THE INPUT Start Marker
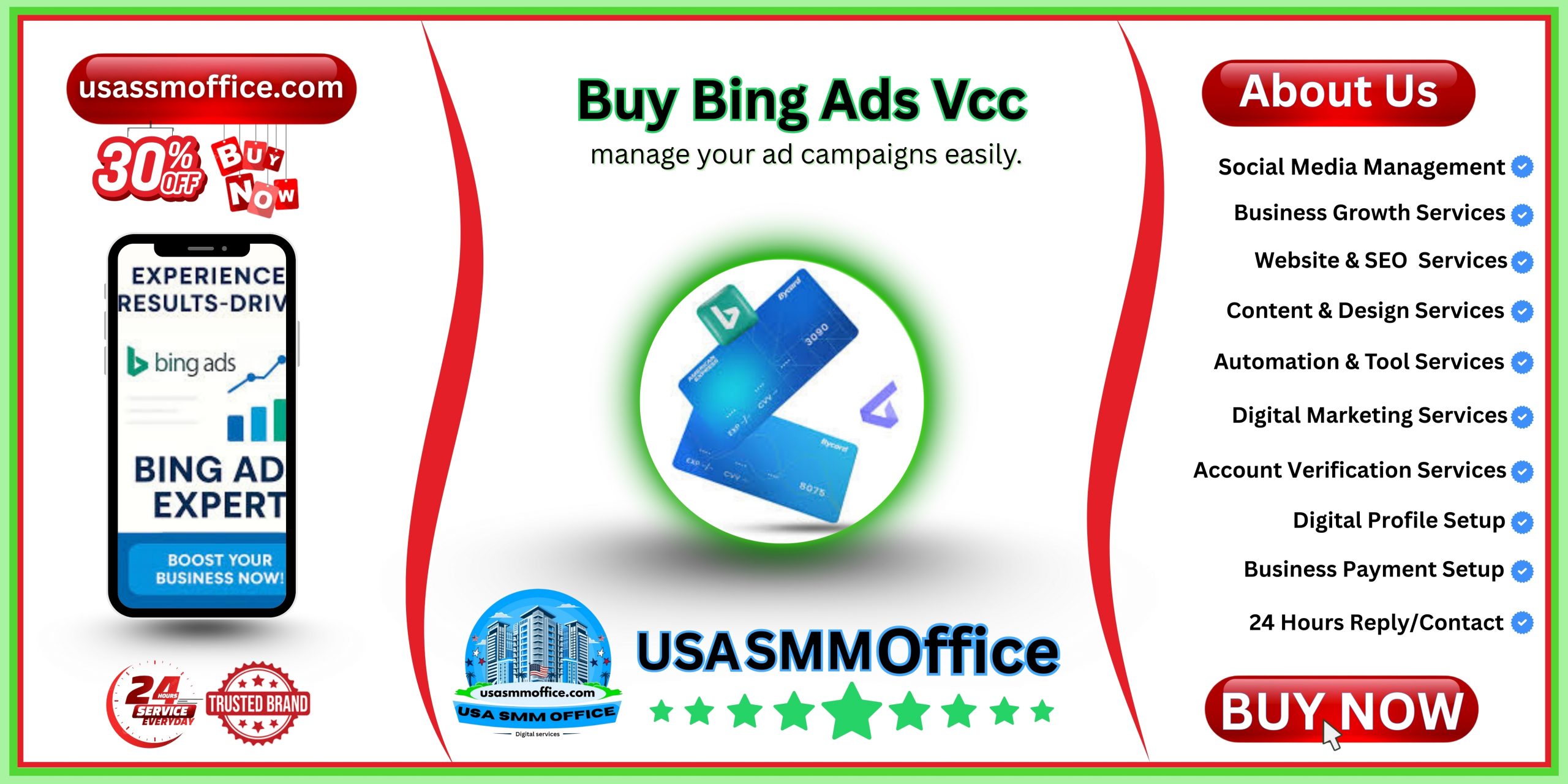 Buy Bing Ads Vcc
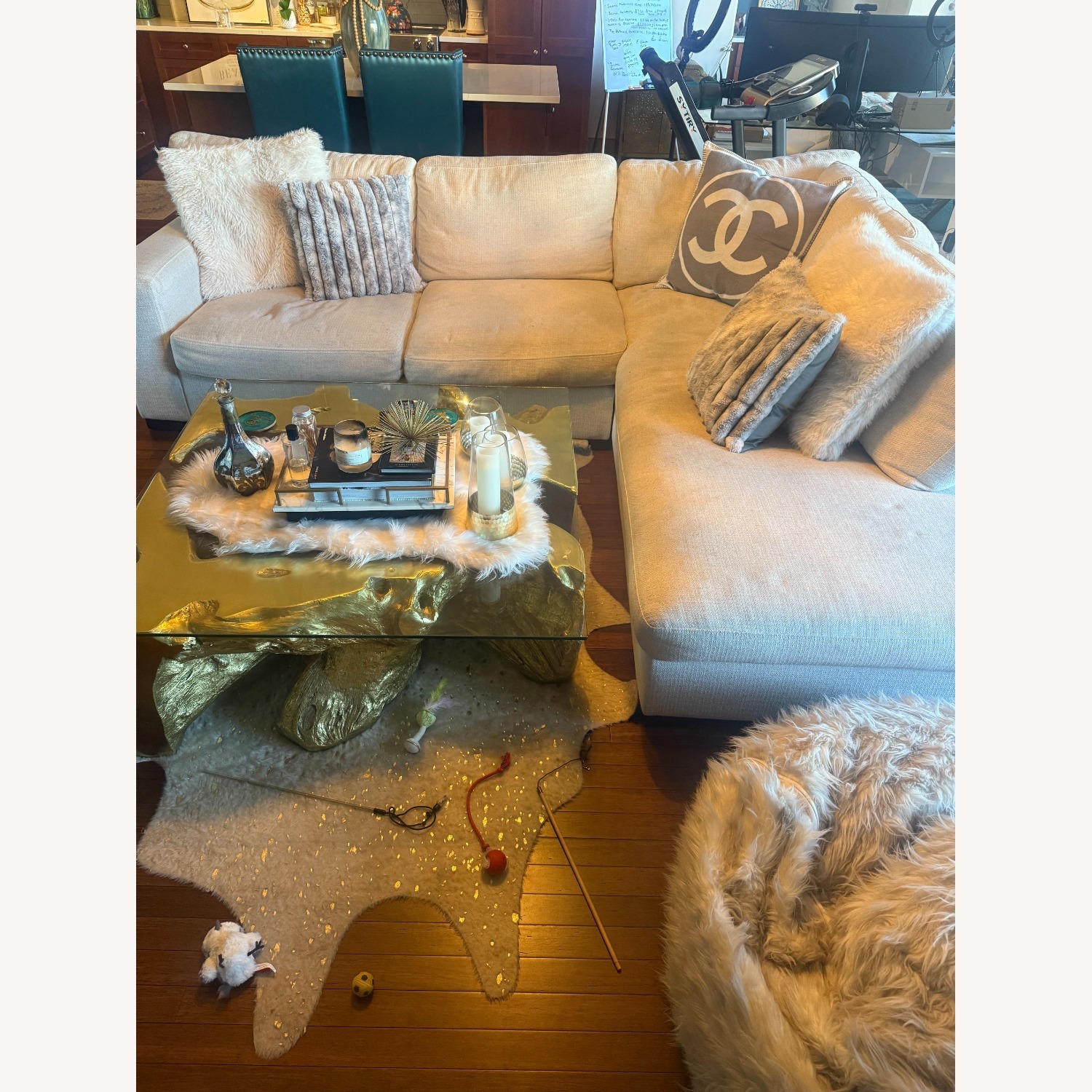 Z Gallerie Off-white Sectional - image-2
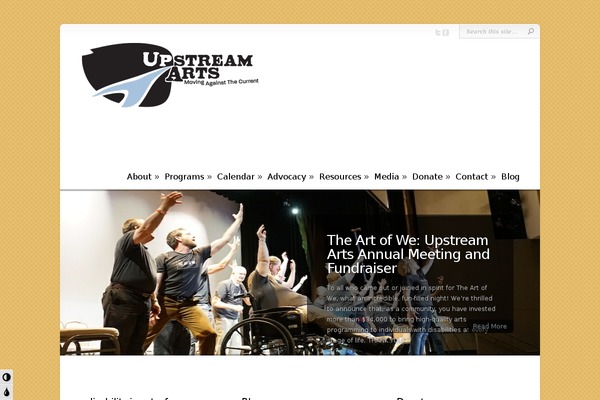 upstreamarts.org site used Upstream-arts
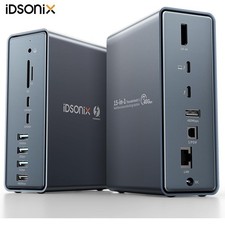 15 in 1 USB C Docking Station Thunderbolt 3 Dock Dual Monitor For Laptop PC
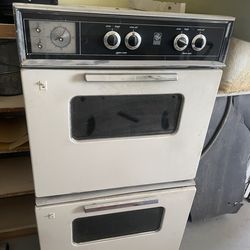 Vintage Double Oven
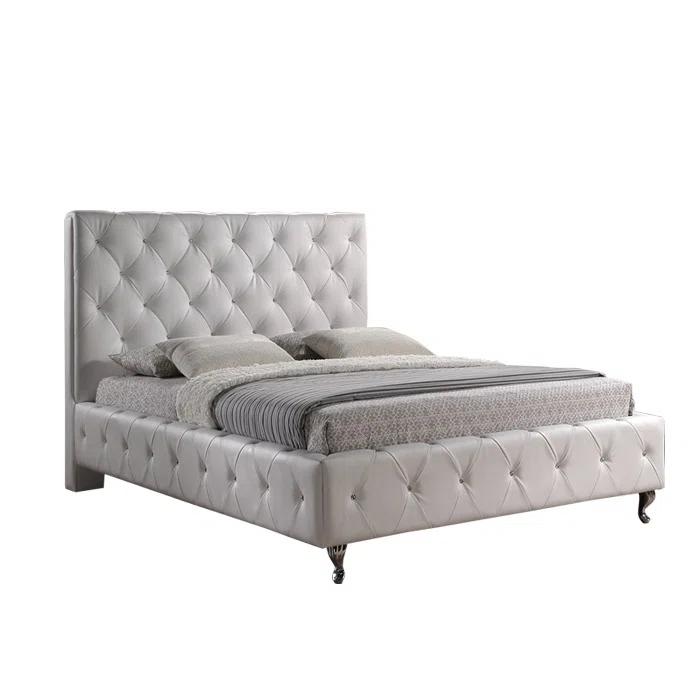 House of Hampton® Sanjuana Vegan Leather Platform Bed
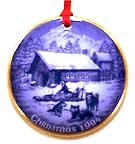 Bing & Grondahl Christmas in America Ornament - 1994 Christmas Eve in Alaska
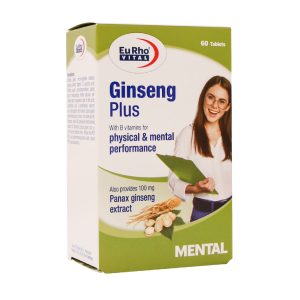 قرص جینسینگ پلاس یوروویتال ۶۰ عدد - قیمت قرص جینسینگ پلاس یوروویتال ۶۰ عدد - Eurho Vital Ginseng Plus - تقویت سیستم ایمنی بدن و تقویت قوای جنسی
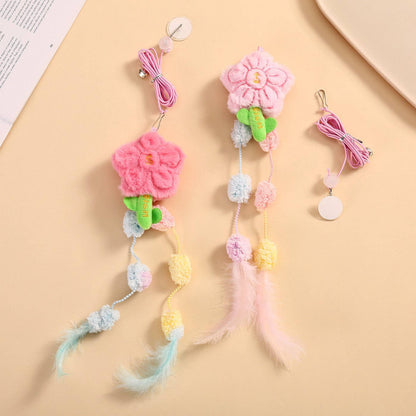 Moo - Soft Pastel Flower Hanging Teaser Toy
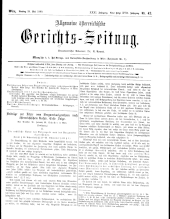 Allgemeine Österreichische Gerichtszeitung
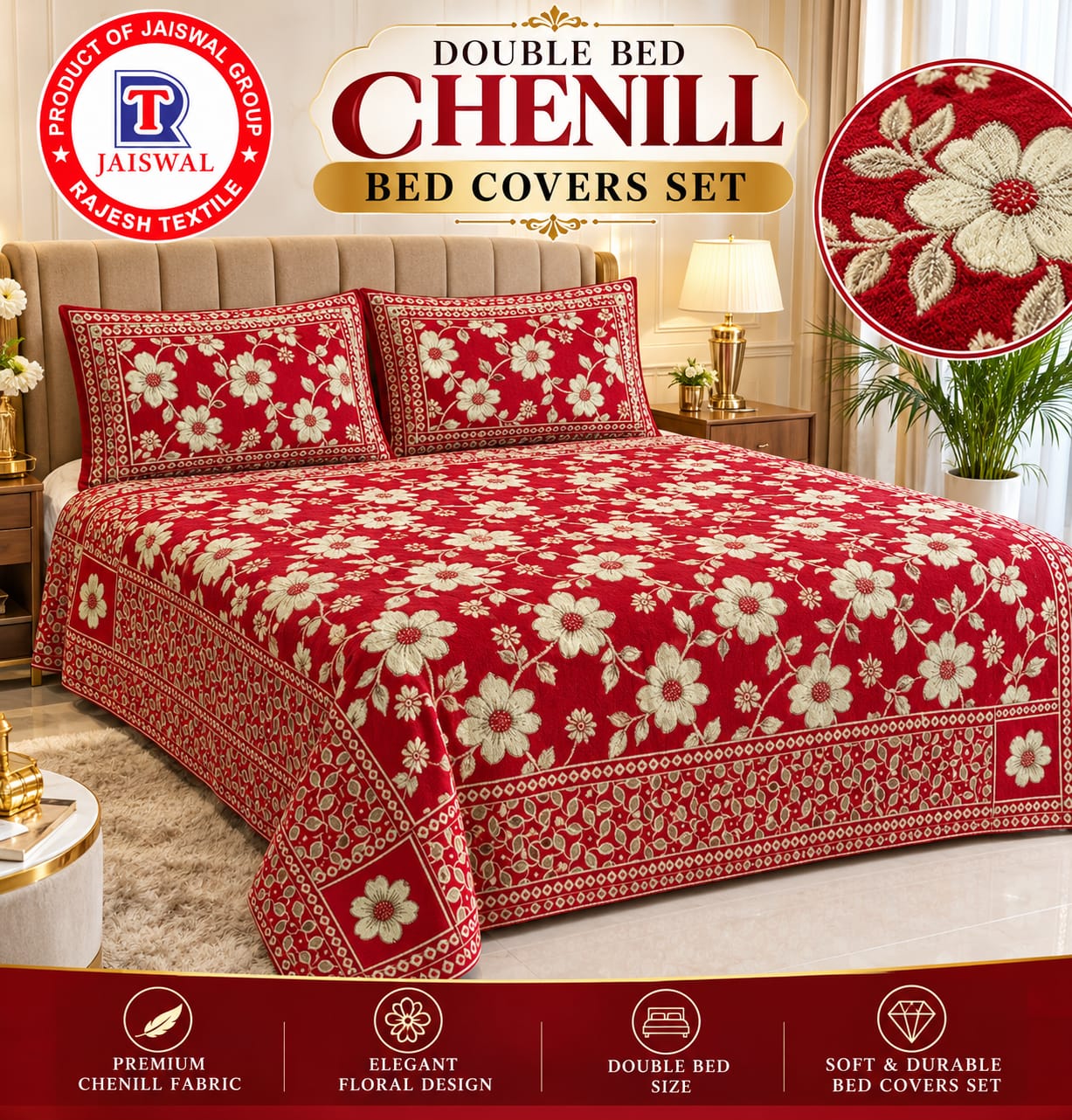 CHENILLE BED COVER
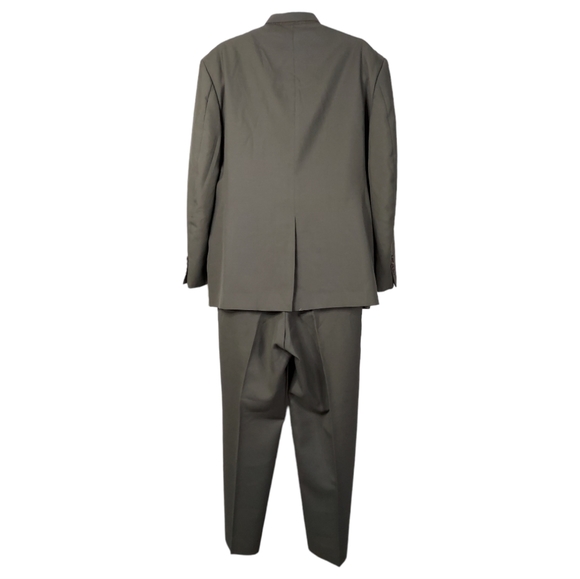 Gerald Austin London NY 40R 40/30 2 Button Green Suit Blazer Sports Coat Pants - Picture 2 of 14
THE INPUT End Marker
**TASK PROMPT**
What are the lines from the one containing "Vintage Double Oven" through the end of the records? Write them out exactly, leaving out the pictures.

**SOLUTION TO THIS PROBLEM**
 Vintage Double Oven
 House of Hampton® Sanjuana Vegan Leather Platform Bed
 Bing & Grondahl Christmas in America Ornament - 1994 Christmas Eve in Alaska
 قرص جینسینگ پلاس یوروویتال ۶۰ عدد - قیمت قرص جینسینگ پلاس یوروویتال ۶۰ عدد - Eurho Vital Ginseng Plus - تقویت سیستم ایمنی بدن و تقویت قوای جنسی
 Moo - Soft Pastel Flower Hanging Teaser Toy
 Allgemeine Österreichische Gerichtszeitung
 CHENILLE BED COVER
 Gerald Austin London NY 40R 40/30 2 Button Green Suit Blazer Sports Coat Pants - Picture 2 of 14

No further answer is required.